INTERVIEW 
 
Dominique Savart
Vice-Président des Opérations
American Express
Dominique Savart
"Les chiffres du voyage d'affaires en ligne vont exploser en 2006"
La croissance du marché des réservations du voyage d'affaires en ligne, attendue depuis plusieurs années, devrait avoir lieu en France en 2006, selon Dominique Savart, vice-président des opérations France, Bénélux et Espagne d'American Express Voyages.
(13/03/2006)
 
JDN. Voici plusieurs années que le marché du voyage d'affaires est censé décoller sur Internet. Qu'en est-il exactement ? Ce boom a-t-il eu lieu au cours de l'année 2005, ou l'attendez-vous plutôt sur 2006 ?
  Le site
American Express Voyage d'affaires
Dominique Savart. Nous ne disposons pas encore des chiffres sur 2005, mais nous constatons un réel décollage des taux de réservation en ligne de voyage d'affaires, et notamment sur le marché français. Cette croissance impressionnante touche plus particulièrement les PME, pour lesquelles les réservations en ligne représentent un changement de moindre ampleur, étant donné qu'elles sont réalisées via un portail sur Internet. Mais depuis le début de l'année, nous assistons également au démarrage des grandes entreprises. Celles-ci avaient pourtant anticipé cette évolution vers les réservations en ligne, dès fin 2003 et début 2004, mais les projets informatiques mis en œuvre touchent beaucoup de métiers, l'implémentation de ces outils et la gestion du changement est plus longue à mettre en place. Les grandes entreprises qui ont lancé leurs projets en 2004 voient ces projets arriver à maturité.

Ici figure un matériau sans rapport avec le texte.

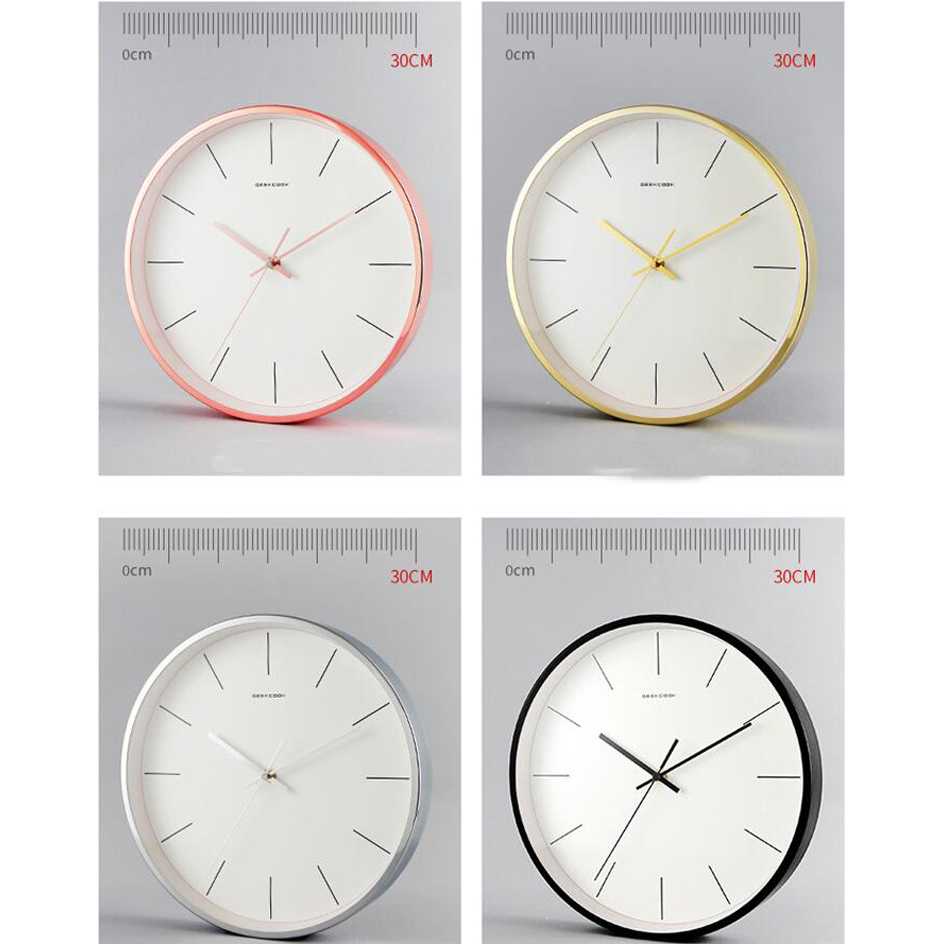 Jam Dinding Bulat Simpel Elegan / Wall Clock Silent Movement Model Modern Polos Berkualitas / Jam Dinding Kado Pernikahan Ulang Tahun Dekorasi Rumah / Jam Dinding Estetik Minimalis Hitam Putih Silver Rose Gold Lucu Unik Murah Tanpa Angka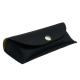 Black PU Handmade Portable 17.2CM Spectacle Case Leather Glasses Case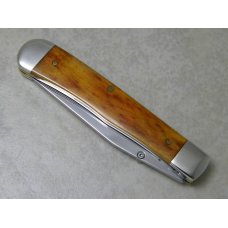 Case XX USA Bone 6154L Chestnut Bone Trapper Linerlock Knife With Horseshoe Inlay Case XX USA Bone 6154L Chestnut Bone Trapper Linerlock Knife With Horseshoe Inlay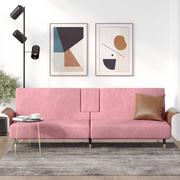 Sofy i kanapy - vidaXL Rozkładana kanapa z uchwytami na napoje, różowa, aksamit - miniaturka - grafika 1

Pour ces grandes entreprises quel peut être le niveau moyen des réservations en ligne de voyages d'affaires ?
L'application des processus va leur permettre de passer rapidement à un taux de réservations en ligne de 30 à 40 % des réservations en six mois. Mais ce chiffre peut bien entendu être variable en fonction des voyages effectués : si la majorité des voyages d'affaires sont du point à point, c'est-à-dire des allers-retours, ces réservations sont plus faciles à basculer en online. En revanche, si ce sont des voyages qui passent par plusieurs villes et qui impliquent des réservations d'hôtels, les réservations en offline primeront.

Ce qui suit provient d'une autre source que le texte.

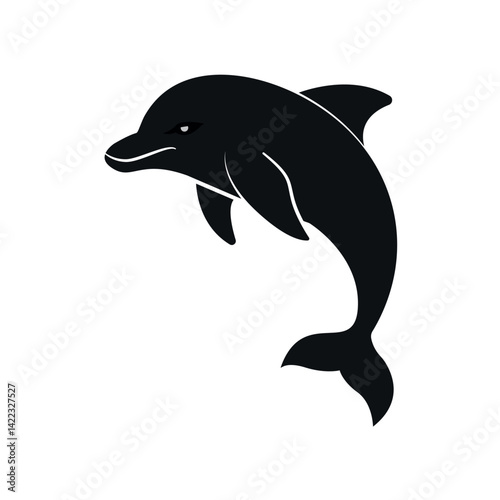 Minimalist Dolphin Logo – Vector Silhouette of a Modern Marine Animal Design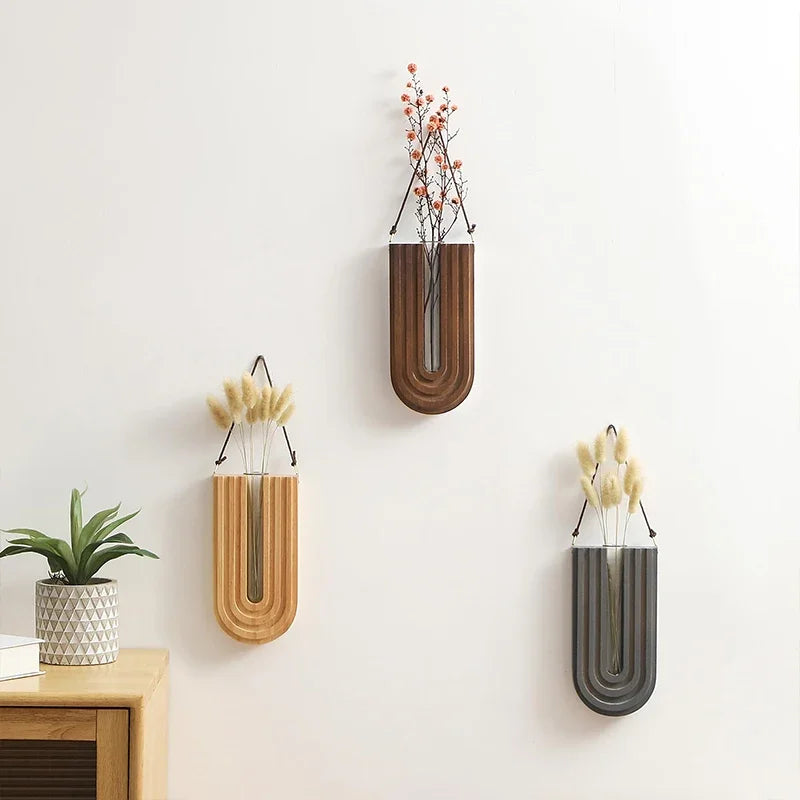 Modern Wooden Wall Vase – Hanging Flower Holder, Nordic Home Decor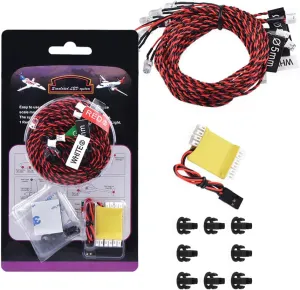Xeniol RC Lights 8LED Lighting System Kit Simulation Flashing Lights RC Accessories For RC Airplane Helicopter Aircraft Quadcopter - (Color: 1set Lighting System)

Les réservations en ligne sont souvent présentées comme un moyen de réaliser des économies importantes pour les entreprises. Sur quels points plus particulièrement ?
Nous estimons le coût de l'agence entre 3 à 5 % du montant, selon la complexité du voyage. Réaliser des économies sur ces 3 à 5 % ne représente bien évidemment pas l'essentiel. Il est préférable de s'attaquer aux 95 à 97 % restants. Le online constitue notamment un canal privilégié pour réaliser des économies sur le coût de transport. Cela passe notamment par ce que nous appelons une "culpabilité visuelle" qui n'existait pas par téléphone. En affichant en ligne les prix des différents voyages en commençant les moins chers, le voyageur a tendance à choisir les trajets les moins coûteux.

On attribue souvent au online l'avantage de faire respecter la politique de voyage en interne. Quelle est votre position sur ce point ?
La baisse des coûts via Internet n'est pas seulement due à une capacité de contrôle de la politique de voyage. Le respect de l'application de la politique de voyage fait également partie du rôle des agences en offline. L'avantage des moteurs de réservation en ligne en matière de politique de voyage porte plus sur le fait que cette politique est vivante et qu'ils permettent de la mettre à jour rapidement et sur l'ensemble des sites d'une même société.

La fin des commissions aériennes a été un accélérateur."
La fin des commissions aériennes appliquée en France depuis le printemps 2005 a-t-elle accéléré le déport des réservations vers Internet ?
Le changement de modèle économique a constitué un accélérateur important, notamment auprès des sociétés qui hésitent encore à s'attaquer aux 95 % des économies possibles sur le montant des voyages d'affaires. En consultant les grilles de frais facturées par les agences offline et les coûts réduits sur Internet, les entreprises ont privilégié les réservations online.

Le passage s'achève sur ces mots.